Last week, Fox 9 reported:
After two months, Minnesota revenue officials cannot say when they’ll start sending out checks to 550,000 taxpayers owed refunds on 2020 unemployment benefits and payroll loans.
…the Minnesota Department of Revenue has not sent out the refunds — worth $454 million for the payroll loans and $234 million on unemployment benefits — and blames the delay on a system change.
The saga started when the divided Legislature missed the tax filing deadline. Minnesota law required the payroll loans and unemployment benefits to be treated as taxable income, throwing the state out of balance with the federal government, which had forgiven the full amount of PPP loans and the first $10,200 of 2020 jobless benefits.

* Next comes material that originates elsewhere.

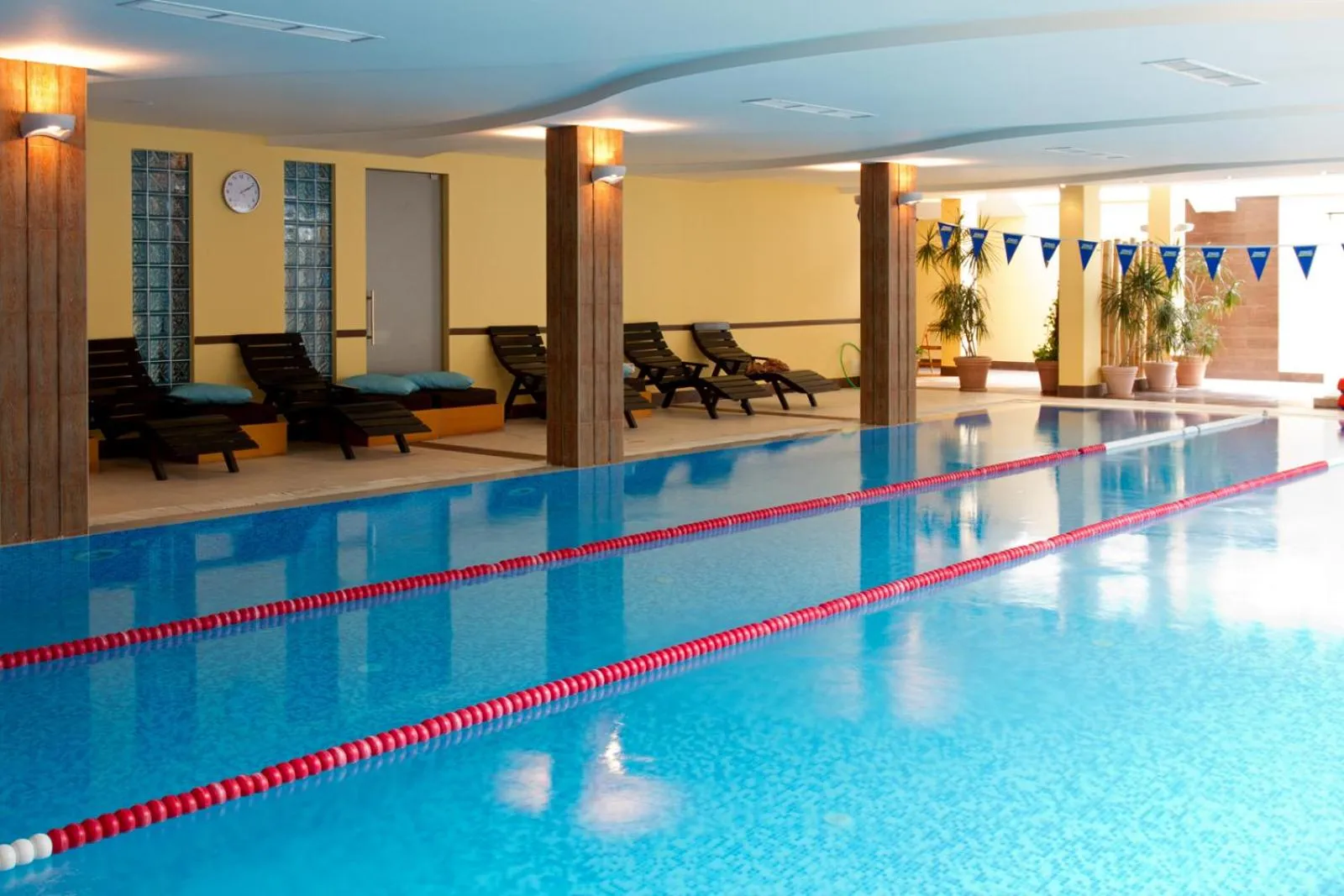 Swimming pool in Aparthouse Borovo near Bulgaria Mall, free street parking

On May 17 — the day of the tax filing deadline, which had been extended — top lawmakers and Gov. Tim Walz announced a deal to conform to the federal government’s changes. But Revenue Department officials said they had to wait until June 30, when the bill became law, to start the refund process. [Emphasis added]
The reason “the divided Legislature missed the tax filing deadline” was, as we reported at the time, because House Democrats were holding up tax relief, using it as leverage in a failed bid to raise taxes.
While the legislators responsible for this risible bit of theater might have reaped the rewards in the form of an energized base, it is ordinary Minnesotans who are bearing the costs:
Jason Salzwedel of Zimmerman said he’s waiting on several hundred dollars from the state, money he initially owed on unemployment benefits Salzwedel collected during a two-month furlough.
Salzwedel said he tried calling the Revenue Department recently but didn’t get a satisfactory answer.
“Pretty much their explanation — if you can even call it an explanation — was there’s thousands of other people going through the same thing,” he said. “If you owe them money, they want it yesterday. All of a sudden, when they take something that’s ours, it feels like, ‘We’ll get around to it.”
In the interests of fairness, it ought to be pointed out that opposition to this farce was bipartisan. That will be little comfort to people like Mr. Salzwedel.